Given material:
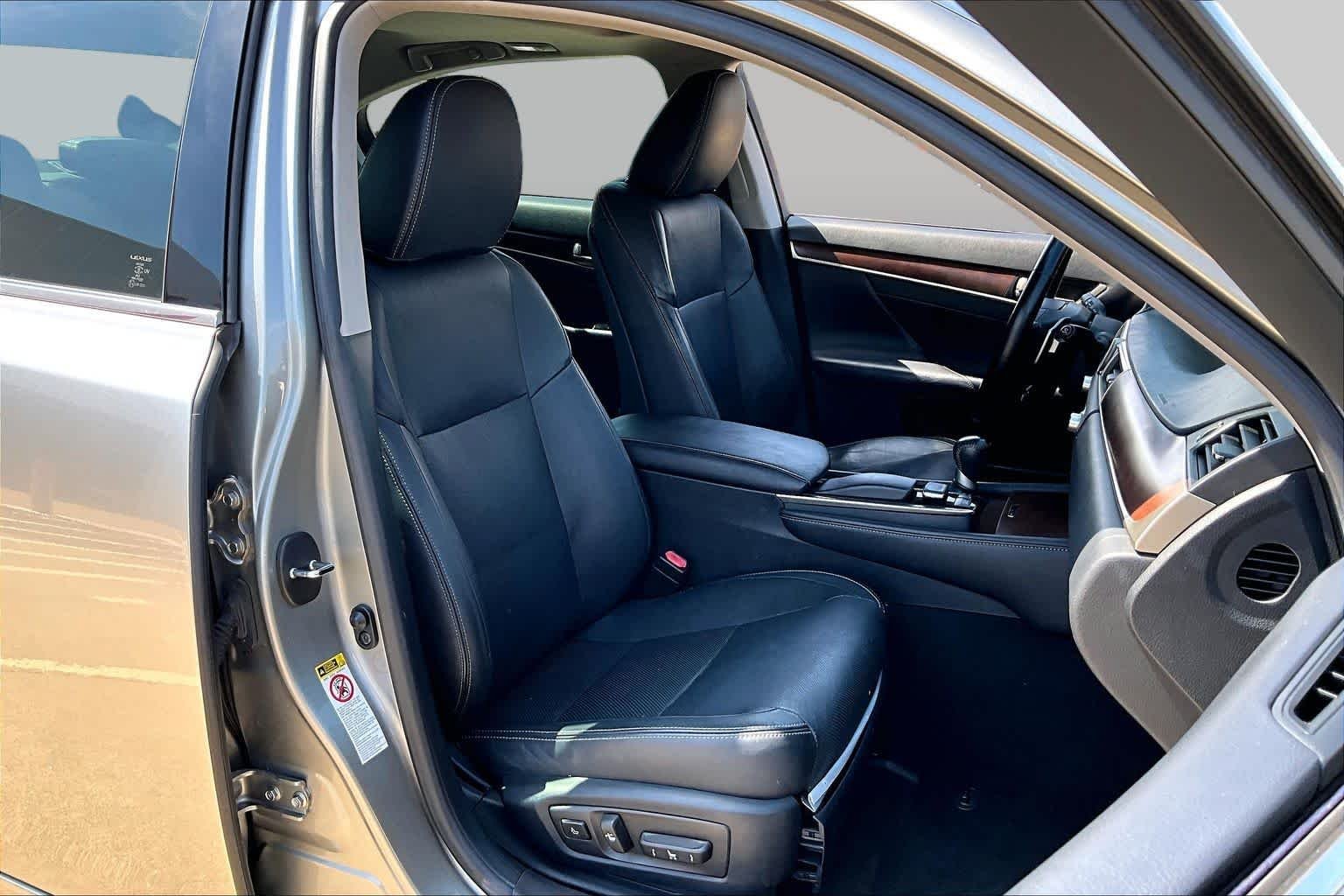 Used 2015 Atomic Silver Lexus  image 9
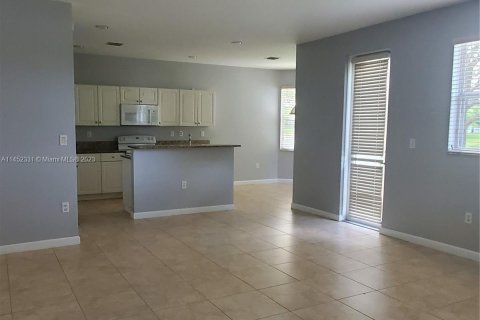 Casa en venta en Homestead, Florida, 4 dormitorios, 282.24 m2 № 720147 - foto 7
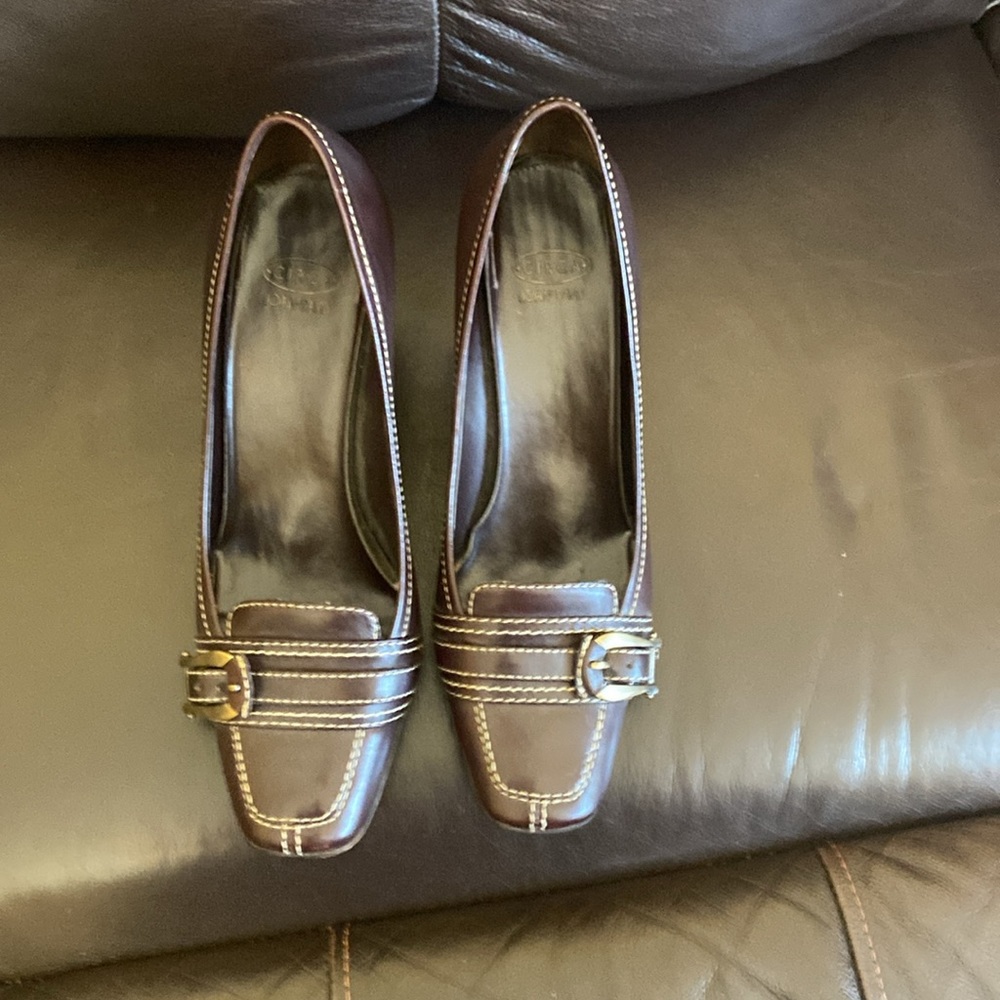 Shoes - Picture 4 of 8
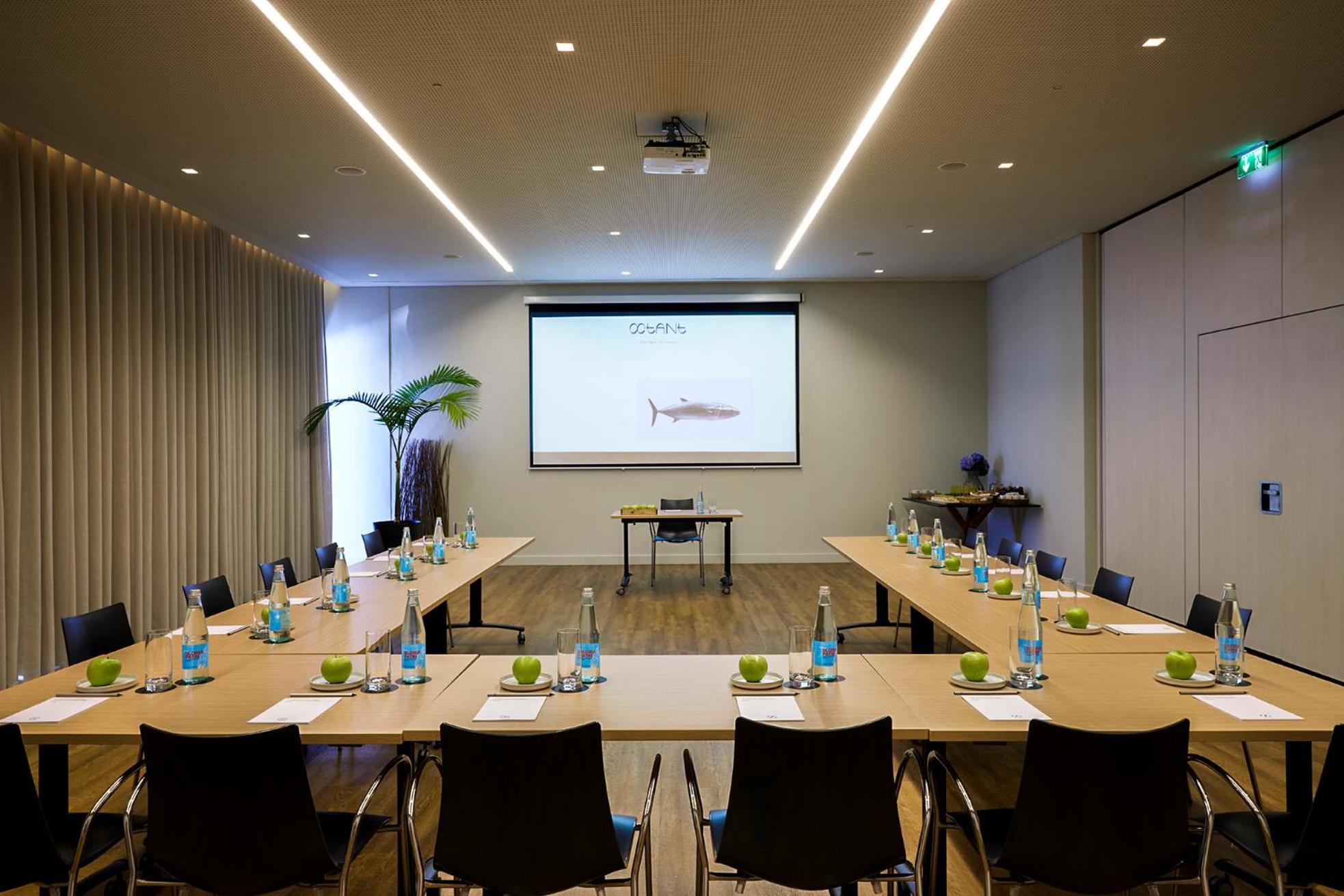 Octant Ponta Delgada Hotel Exterior photo Meeting room at the London offices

What is expected: Starting at the line that contains "Casa en venta", retype every line through the end of the material exactly as written, including both end lines but no pictures.

Completed exercise:
 Casa en venta en Homestead, Florida, 4 dormitorios, 282.24 m2 № 720147 - foto 7
 Shoes - Picture 4 of 8
 Octant Ponta Delgada Hotel Exterior photo Meeting room at the London offices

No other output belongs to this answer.